Comics - Time Out for Mam Tor
From Mam Tor Publishing, the independent publisher behind the Event Horizon Anthology, comes Four Feet From a Rat, a 16 page full-colour comic under the Mother Comics imprint.
And it's free. Well, free with the 19th March London edition of Time Out, and apparently an ongoing project. With art by a bundle of talents such as Liam Sharp, Kev Crossley, Dave Kendall and Chris Weston. The writing is by Mother.

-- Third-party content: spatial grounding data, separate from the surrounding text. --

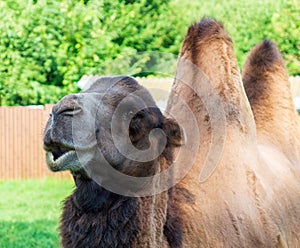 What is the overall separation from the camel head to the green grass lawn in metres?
2.80

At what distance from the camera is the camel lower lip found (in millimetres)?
3359

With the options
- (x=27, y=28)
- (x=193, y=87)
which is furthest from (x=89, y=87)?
(x=27, y=28)

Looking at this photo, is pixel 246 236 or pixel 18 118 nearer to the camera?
pixel 246 236

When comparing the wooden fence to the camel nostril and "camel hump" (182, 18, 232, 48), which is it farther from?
the camel nostril

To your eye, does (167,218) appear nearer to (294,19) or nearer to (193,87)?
(193,87)

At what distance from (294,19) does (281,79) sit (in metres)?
22.0

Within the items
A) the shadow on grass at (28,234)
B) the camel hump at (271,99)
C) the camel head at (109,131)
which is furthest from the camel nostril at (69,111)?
the shadow on grass at (28,234)

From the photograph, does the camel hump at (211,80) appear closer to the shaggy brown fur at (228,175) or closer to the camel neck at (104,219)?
the shaggy brown fur at (228,175)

Now that all sounds very clever, but however good your art is, you need a story in a comic, without that, you just have some pretty pictures. And to have an anonymous writer, it seems to say that the writing is very much a secondary concern, which I feel is a big mistake. This was something that permeated through Event Horizon, it too was an art lead comic. Amazing though it was, when you put it down it felt like you'd just had a very strange dream, but you couldn't entirely remember what it was about... it's the story that makes you buy that second issue.
Those concerns aside, onto the four short stories in this issue.
The Crane Gods is a three page future shock style story and provides the striking cover image of a storm wracked spaceship flying over the mostly submerged 'gherkin' building in London. I like this a lot, it looks at the history of our world from an alien perspective, something which is always interesting and it has a neat little ending too.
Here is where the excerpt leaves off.